* _WHAT TO DO_
An acceptable response holds only the line containing "Battle Creek Mich." and every line after it to the end of the records, each reproduced exactly.

Records from a data collection
=== Section Start ===

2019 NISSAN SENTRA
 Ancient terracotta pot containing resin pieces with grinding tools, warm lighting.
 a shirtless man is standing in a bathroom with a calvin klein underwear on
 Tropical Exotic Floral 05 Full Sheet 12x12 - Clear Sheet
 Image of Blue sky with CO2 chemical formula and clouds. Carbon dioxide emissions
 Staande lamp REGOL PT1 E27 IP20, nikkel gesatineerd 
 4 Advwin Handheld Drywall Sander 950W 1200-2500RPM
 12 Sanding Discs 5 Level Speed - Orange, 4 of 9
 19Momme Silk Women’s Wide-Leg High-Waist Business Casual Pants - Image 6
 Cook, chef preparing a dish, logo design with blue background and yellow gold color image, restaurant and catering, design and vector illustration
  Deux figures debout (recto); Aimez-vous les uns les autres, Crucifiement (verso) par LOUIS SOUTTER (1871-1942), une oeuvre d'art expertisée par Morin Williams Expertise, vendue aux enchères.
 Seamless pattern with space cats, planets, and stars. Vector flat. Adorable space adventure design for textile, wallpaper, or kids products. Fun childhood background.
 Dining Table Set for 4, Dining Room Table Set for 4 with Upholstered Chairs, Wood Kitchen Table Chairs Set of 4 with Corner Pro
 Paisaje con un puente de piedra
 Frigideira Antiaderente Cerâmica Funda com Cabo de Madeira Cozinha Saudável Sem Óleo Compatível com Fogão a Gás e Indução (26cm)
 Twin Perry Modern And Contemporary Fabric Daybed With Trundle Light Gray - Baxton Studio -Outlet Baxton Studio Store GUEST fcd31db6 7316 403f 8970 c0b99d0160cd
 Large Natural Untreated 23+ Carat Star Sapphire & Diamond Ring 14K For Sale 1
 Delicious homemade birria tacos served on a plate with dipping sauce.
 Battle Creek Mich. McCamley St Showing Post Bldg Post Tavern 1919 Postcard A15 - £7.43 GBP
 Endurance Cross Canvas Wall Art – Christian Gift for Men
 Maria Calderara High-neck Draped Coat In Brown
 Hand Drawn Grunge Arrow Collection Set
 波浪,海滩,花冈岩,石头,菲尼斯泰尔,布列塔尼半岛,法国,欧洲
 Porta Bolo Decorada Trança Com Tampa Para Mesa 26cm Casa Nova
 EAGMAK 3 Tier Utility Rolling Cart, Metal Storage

=== Section End ===

* _TASK ANSWER_
 Battle Creek Mich. McCamley St Showing Post Bldg Post Tavern 1919 Postcard A15 - £7.43 GBP
 Endurance Cross Canvas Wall Art – Christian Gift for Men
 Maria Calderara High-neck Draped Coat In Brown
 Hand Drawn Grunge Arrow Collection Set
 波浪,海滩,花冈岩,石头,菲尼斯泰尔,布列塔尼半岛,法国,欧洲
 Porta Bolo Decorada Trança Com Tampa Para Mesa 26cm Casa Nova
 EAGMAK 3 Tier Utility Rolling Cart, Metal Storage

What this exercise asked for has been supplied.